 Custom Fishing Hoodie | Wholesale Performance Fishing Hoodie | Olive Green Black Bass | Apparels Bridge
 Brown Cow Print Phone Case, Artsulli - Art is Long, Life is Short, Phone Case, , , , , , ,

---

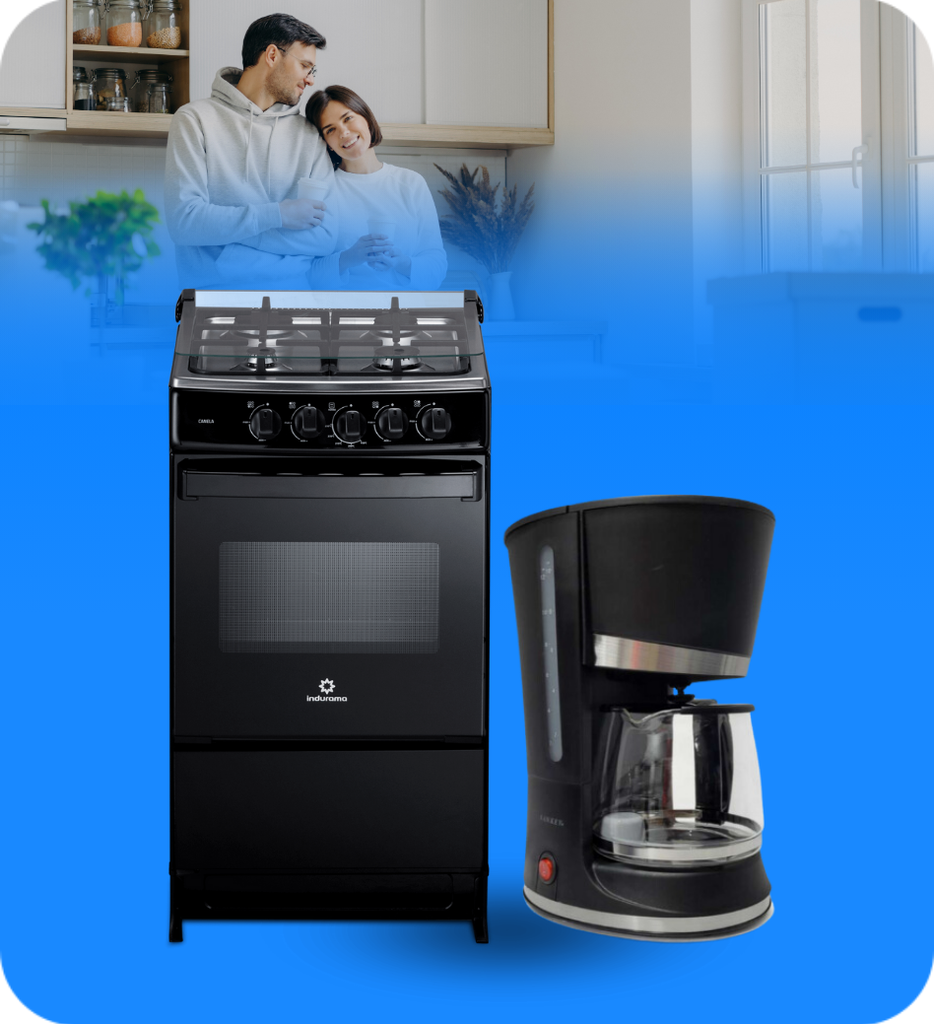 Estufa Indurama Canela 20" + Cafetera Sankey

* * *

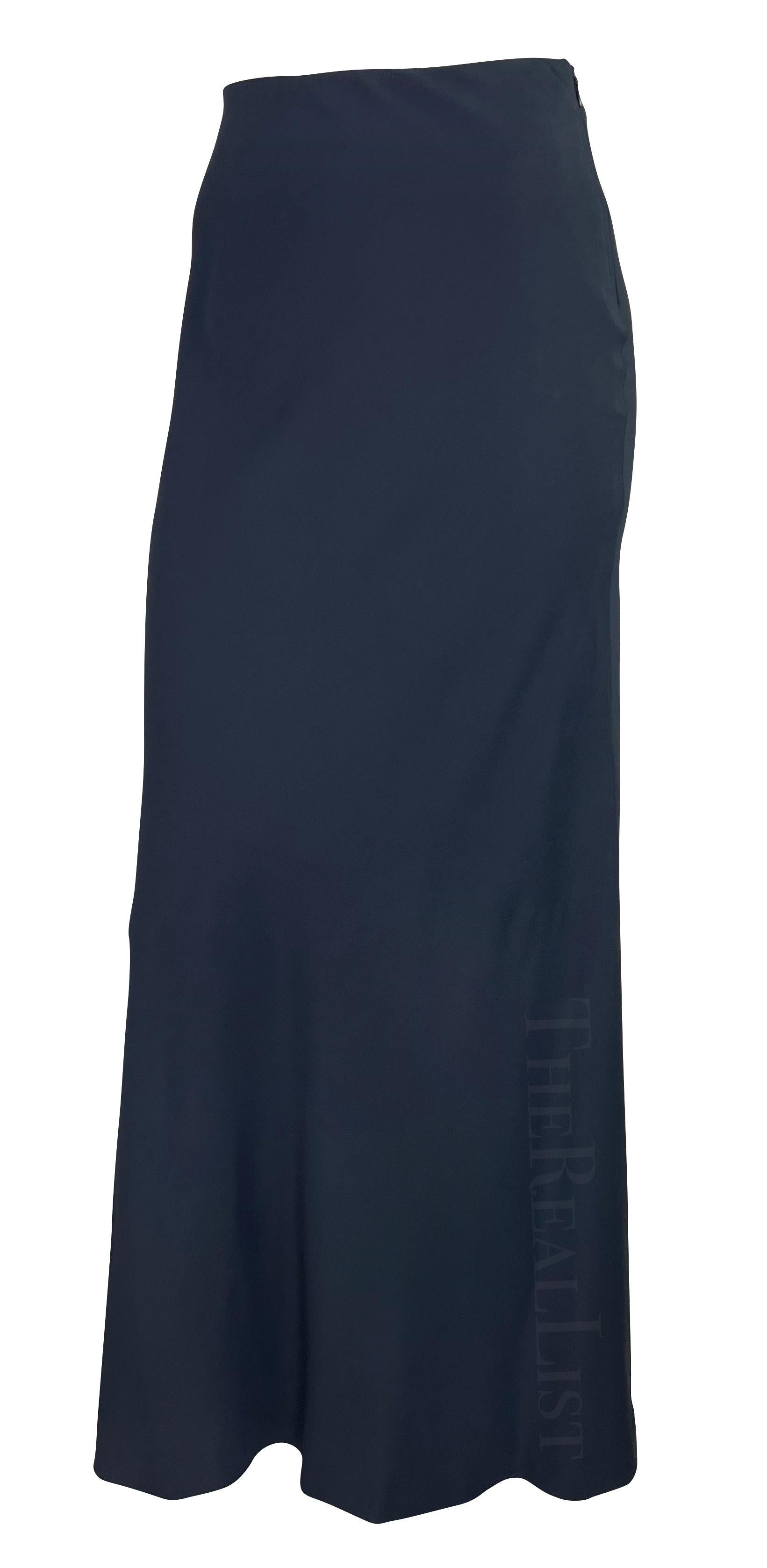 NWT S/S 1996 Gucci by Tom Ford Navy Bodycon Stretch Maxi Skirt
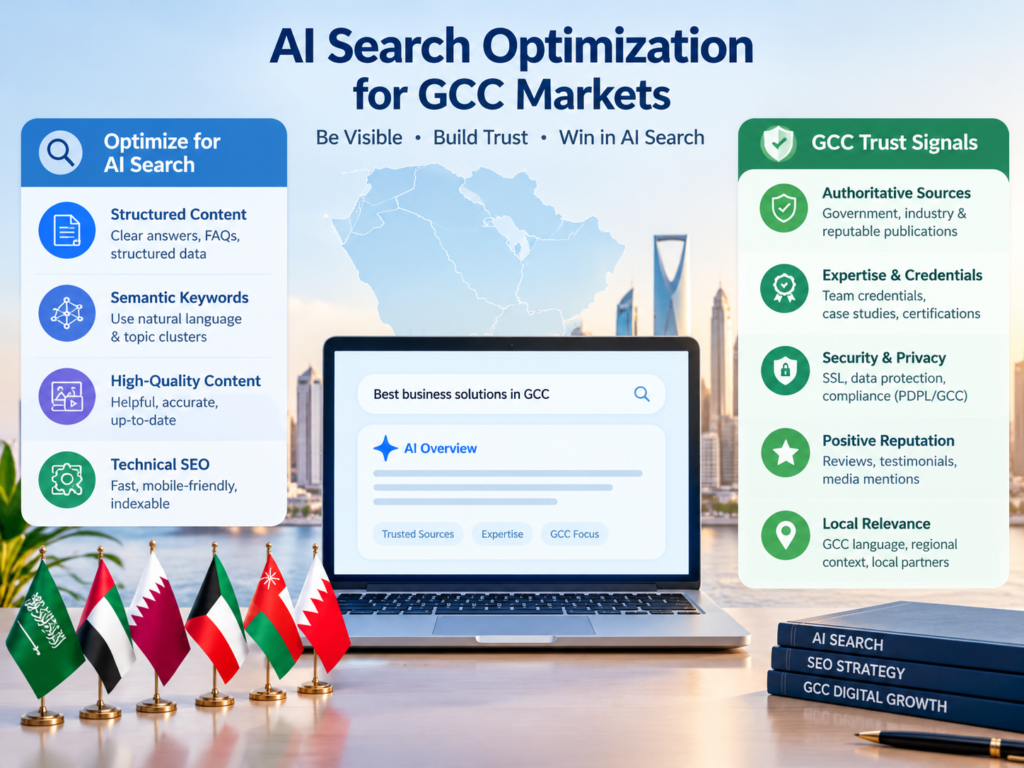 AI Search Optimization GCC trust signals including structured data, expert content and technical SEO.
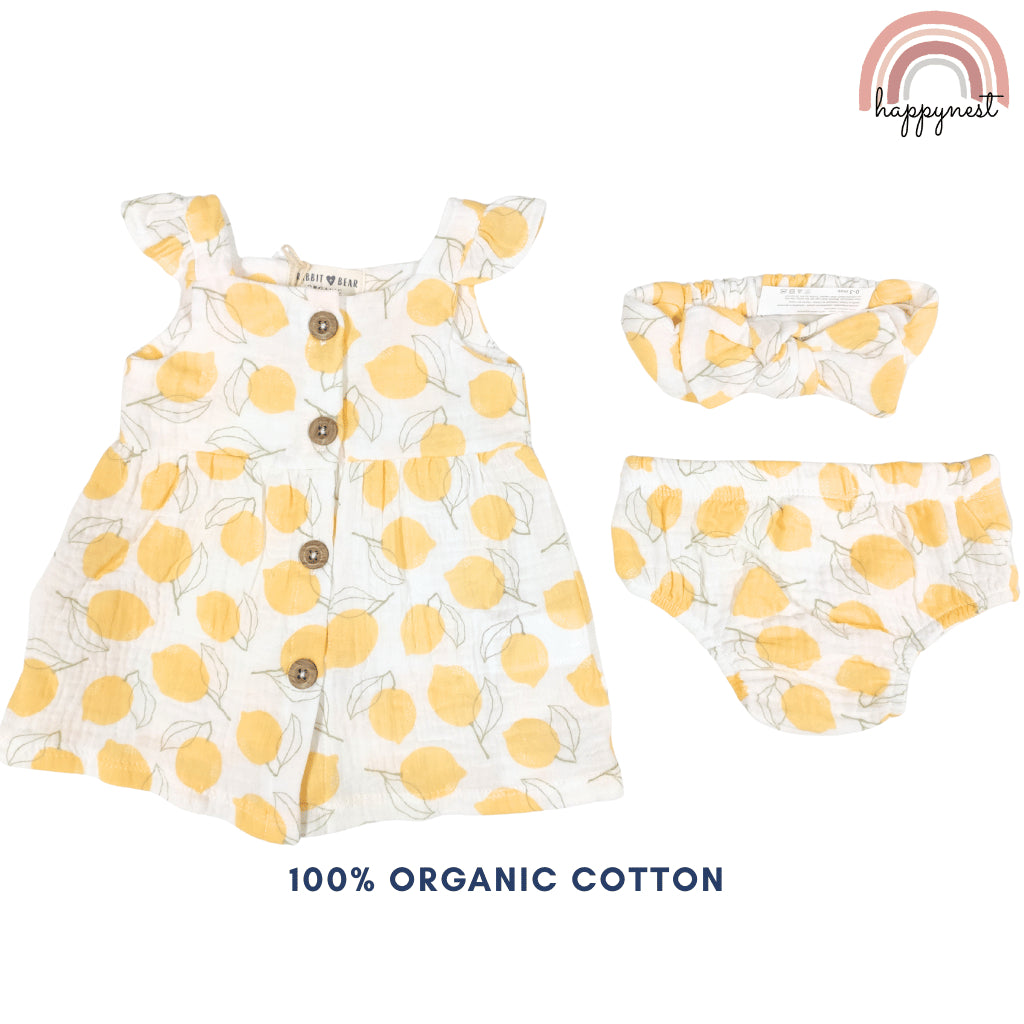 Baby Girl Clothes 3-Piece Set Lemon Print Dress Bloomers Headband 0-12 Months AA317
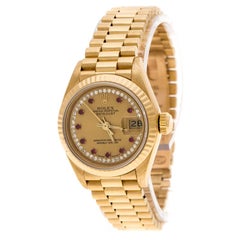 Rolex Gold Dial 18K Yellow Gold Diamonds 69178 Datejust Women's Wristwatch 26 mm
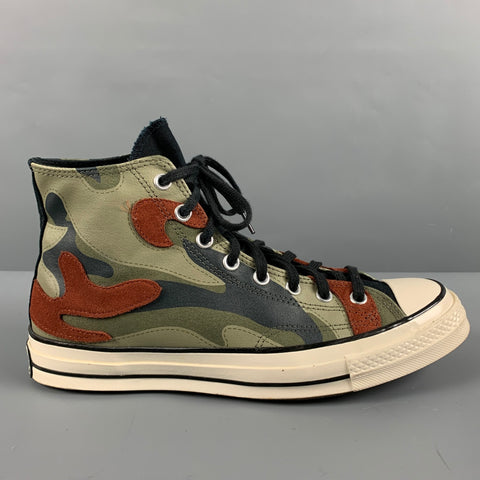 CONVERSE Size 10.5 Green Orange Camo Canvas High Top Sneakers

:: TASK DESCRIPTION ::
Quote word for word only the lines above from the one containing "Rolex Gold Dial" through the one containing "CONVERSE Size 10.5". Pictures stay out of your copy.

:: ANSWER AREA ::
 Rolex Gold Dial 18K Yellow Gold Diamonds 69178 Datejust Women's Wristwatch 26 mm
 CONVERSE Size 10.5 Green Orange Camo Canvas High Top Sneakers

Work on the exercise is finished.